The nature and causes of MCEs can vary by architecture and generation of system. In some designs, an MCE is always an unrecoverable error, that halts the machine, requiring a reboot. In other architectures, some MCEs may be non-fatal, such as for single-bit errors corrected by ECC memory. On some architectures, such as PowerPC, certain software bugs can cause MCEs, such as an invalid memory access. On other architectures, such as x86, MCEs typically originate from hardware only.

Reporting

[edit]

IBM mainframe operating systems

[edit]

IBM System/360 Operating System (OS/360) records input/output errors in a dataset called SYS1.LOGREC. Since then IBM has coined the term error recording data set (ERDS) for successor versions that allow the installation to choose the name and for operating systems not derived from OS/360.[1]

OS/360

[edit]

In OS/360, the installation can choose several levels of support for handling machine checks. The most sophisticated, Machine Check Handler (MCH), records failure data on SYS1.LOGREC and attempts recovery. The installation can print those data using the Environmental Record Editing and Printing Program (EREP) service aid or the stand-alone version SEREP. The MCH can handle memory failures in refreshable nucleus control sections by reading a fresh copy from SYS1.ASRLIB and can handle memory errors in SVC transient areas by reading a fresh copy of the SVC module from SYS1.SVCLIB.

z/OS

[edit]

In z/OS the installation can either use an ERDS or can define a z/OS System Logger log stream[2] to hold the error data.
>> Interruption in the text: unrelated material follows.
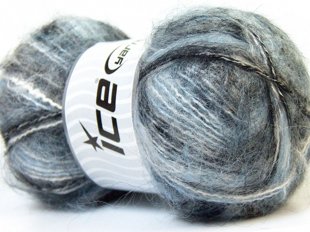 Mohair, melns + pelēks + zils + balts, 100g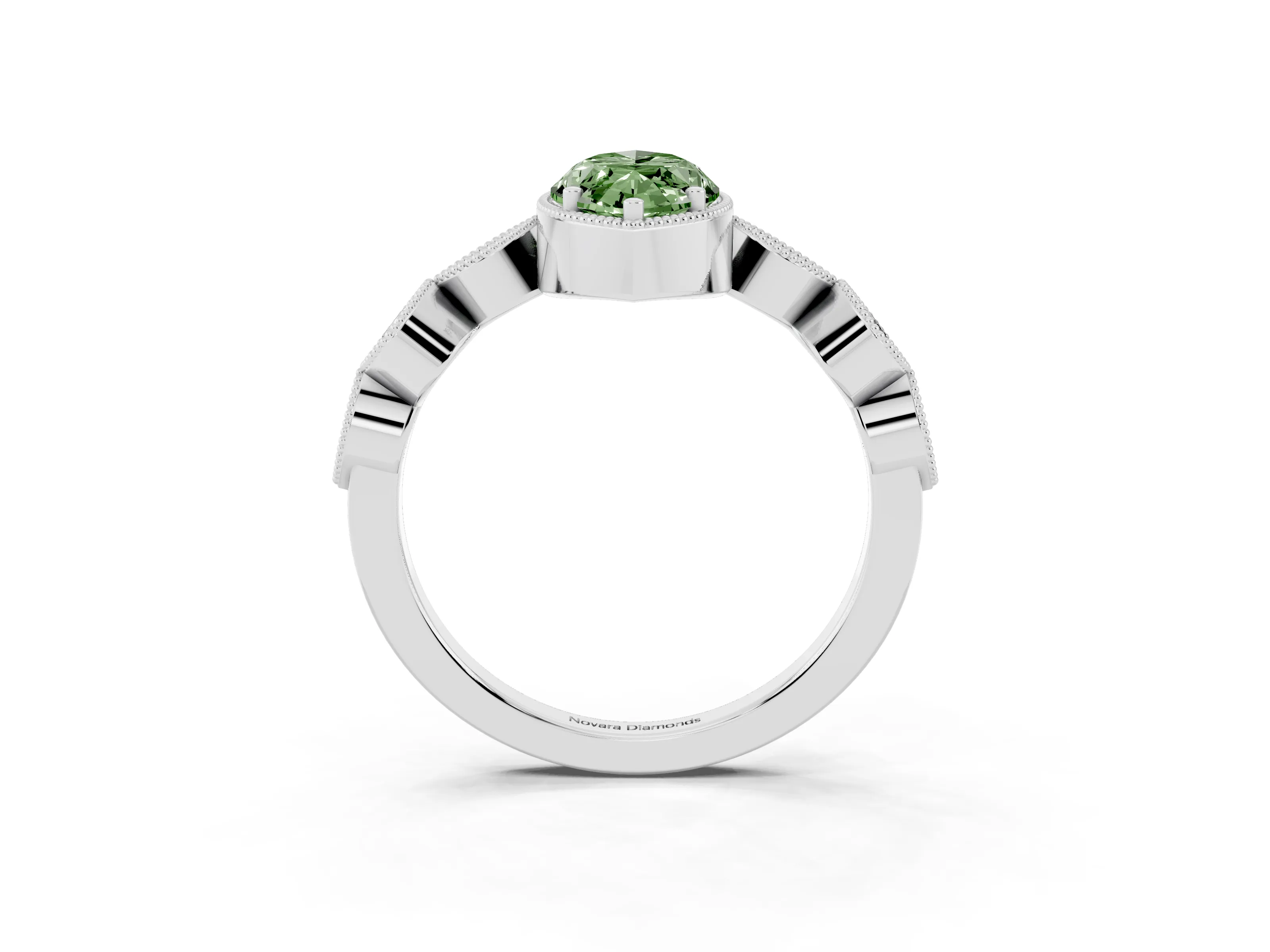 Fancy Green Marquise Cut Diamond Vintage-Inspired Milgrain Ring Set in Silver with Marquise Stations of Round Accents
As with OS/360, the installation uses EREP to print those data; SEREP is no longer available. The MCH is no longer optional, and handles many more failure modes than the OS/360 MCH.

Microsoft Windows

[edit]

On Microsoft Windows platforms, in the event of an unrecoverable MCE, the system generates a BugCheck — also called a STOP error, or a Blue Screen of Death.

More recent versions of Windows use the Windows Hardware Error Architecture (WHEA), and generate STOP code 0x124, WHEA_UNCORRECTABLE_ERROR. The four parameters (in parentheses) will vary, but the first is always 0x0 for an MCE.[3] Example:

   STOP: 0x00000124 (0x0000000000000000, 0x0000000000000000, 0x0000000000000000, 0x0000000000000000) 

Older versions of Windows use the Machine Check Architecture, with STOP code 0x9C, MACHINE_CHECK_EXCEPTION.[4] Example:

   STOP: 0x0000009C (0x00000030, 0x00000002, 0x00000001, 0x80003CBA) 

Linux

[edit]

On Linux, the kernel writes messages about MCEs to the kernel message log and the system console. When the MCEs are not fatal, they will also typically be copied to the system log and/or systemd journal. For some systems, ECC and other correctable errors may be reported through MCE facilities.[5]

Example:

   CPU 0: Machine Check Exception: 0000000000000004    Bank 2: f200200000000863    Kernel panic: CPU context corrupt 

Problem types

[edit]

Some of the main hardware problems that cause MCEs include:

Possible causes

[edit]

Machine checks are a hardware problem, not a software problem. They are often the result of overclocking or overheating. In some cases, the CPU will shut itself off once passing a thermal limit to avoid permanent damage. But they can also be caused by bus errors introduced by other failing components, like memory or I/O devices. Possible causes include:

  • Poor CPU cooling due to a CPU heatsink and case fans (or filters) that's clogged with dust or has come loose.
  • Overclocking beyond the highest clock rate at which the CPU is still reliable.
  • Failing motherboard.
  • Failing processor.
  • Failing memory.
  • Failing I/O controllers, on either the motherboard or separate cards.
  • Failing I/O devices.
  • Inadequate or failing power supply.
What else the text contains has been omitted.